The phrase “mind your P's and Q's” is often used to remind people to be careful, and to remain on their best behavior. It appears to have emerged around the 1600s, and the exact origins are actually a bit murky. There are a number of theories to explain the roots of the idiom, although these theories are of varying levels of believability. Ultimately, the history behind this phrase may never truly be known.

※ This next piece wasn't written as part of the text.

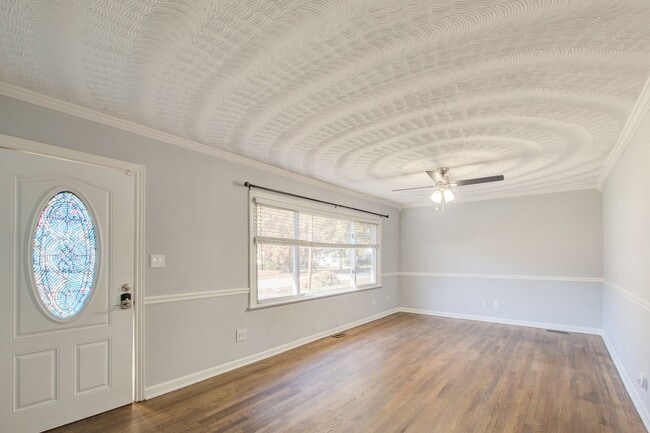 Building Photo - 200 Cynthia Dr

One of the most likely theories about “mind your P's and Q's” is related to the pints and quarts served at bars. Many bars and pubs traditionally kept track of customer tabs on a large slate board, adding up the P's and Q's at the end of the night. A smart customer would keep an eye on this list to ensure that the bartender was not fudging the numbers. Some bartenders have also theorized that bar staff may have been admonished to mind their P's and Q's, by keeping track of how many drinks they dispensed over the course of the night.

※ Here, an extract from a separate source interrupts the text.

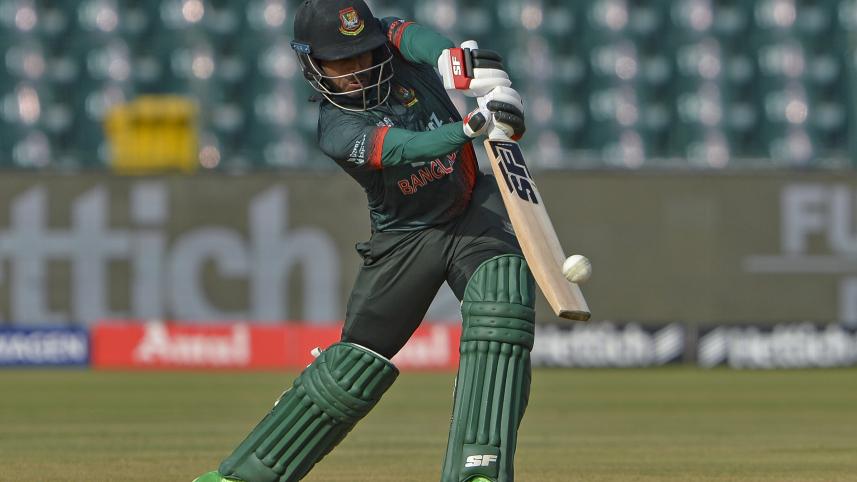 মিরাজকে উপরে খেলানোর কারণ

In this sense, one would also need to remain relatively sober to keep a sharp eye out. This sobriety would, of course, result in a generally better standard of behavior. This explanation for the phrase is one of the most widely accepted, since it seems like the most rational.
Some printers have suggested that the term may be related to typesetting. Movable type is cast backward so that it will print the right way, and lower case P's and Q's are easily confused in the type case, since the letters are mirror images of each other. Of course, the same could be said of lower case B's and D's, and the phrase is not “mind your B's and D's.”
A young child who is learning to read and write may also be reminded to “mind your P's and Q's,” as the lower case letters can be confused. This explanation is also weak, however, since P's and Q's appear far less commonly than B's and D's in writing, and surely people who are learning how to read could mistake these letters as well. Furthermore, spelling things correctly has no clear link with good behavior, and since many people use the term in the sense of behaving, these explanations both leave something to be desired.
Some people also say that “mind your P's and Q's” is a chess term, as in “mind your pawns and queens.” One would certainly want to keep track of both pawns and queens, as these pieces can be crucial in a chess game. However, there is not a clear and obvious link between playing chess well and behaving well, so this explanation seems a bit weak.